Given material:
· · · · · · ·
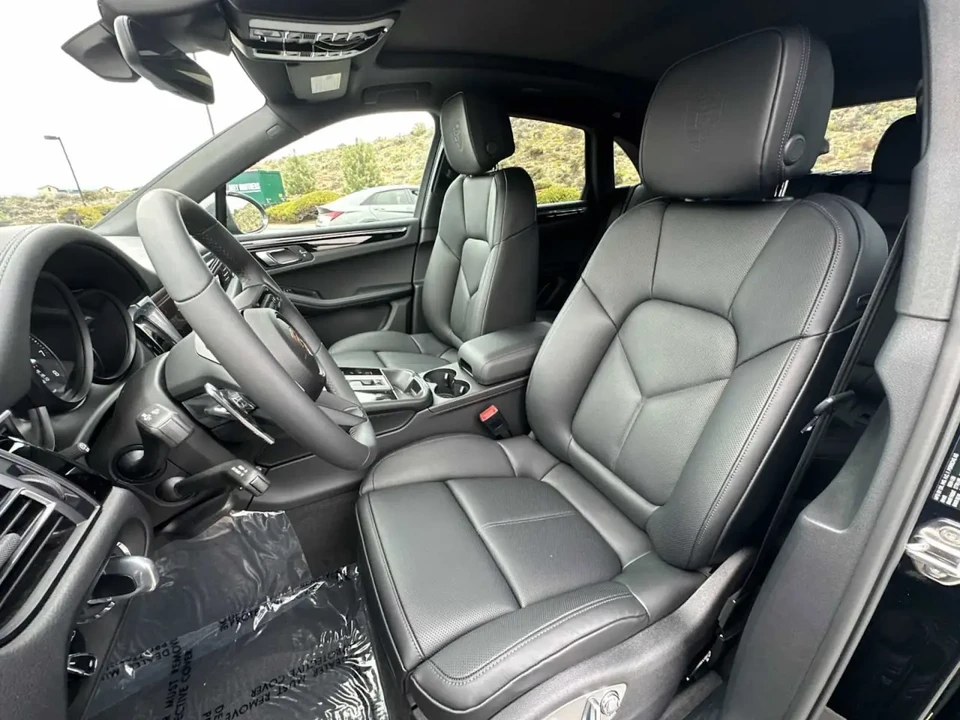 2025 Porsche Macan T - Image 6 of 7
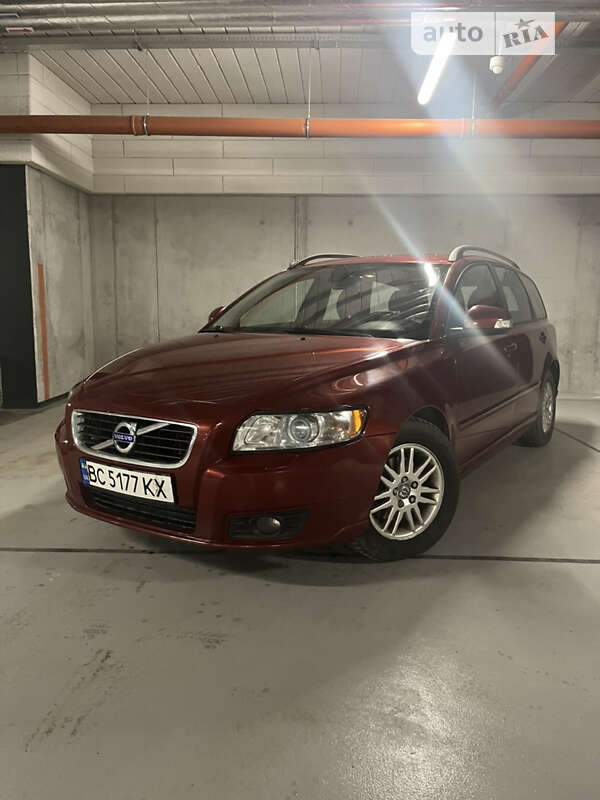 2010 volvo v50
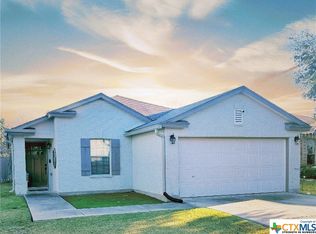 501 Big Bend Trl, Taylor, TX 76574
· · · · · · ·
Please transcribe each line above exactly, but leave the images out.

Response below:
 2025 Porsche Macan T - Image 6 of 7
 2010 volvo v50
 501 Big Bend Trl, Taylor, TX 76574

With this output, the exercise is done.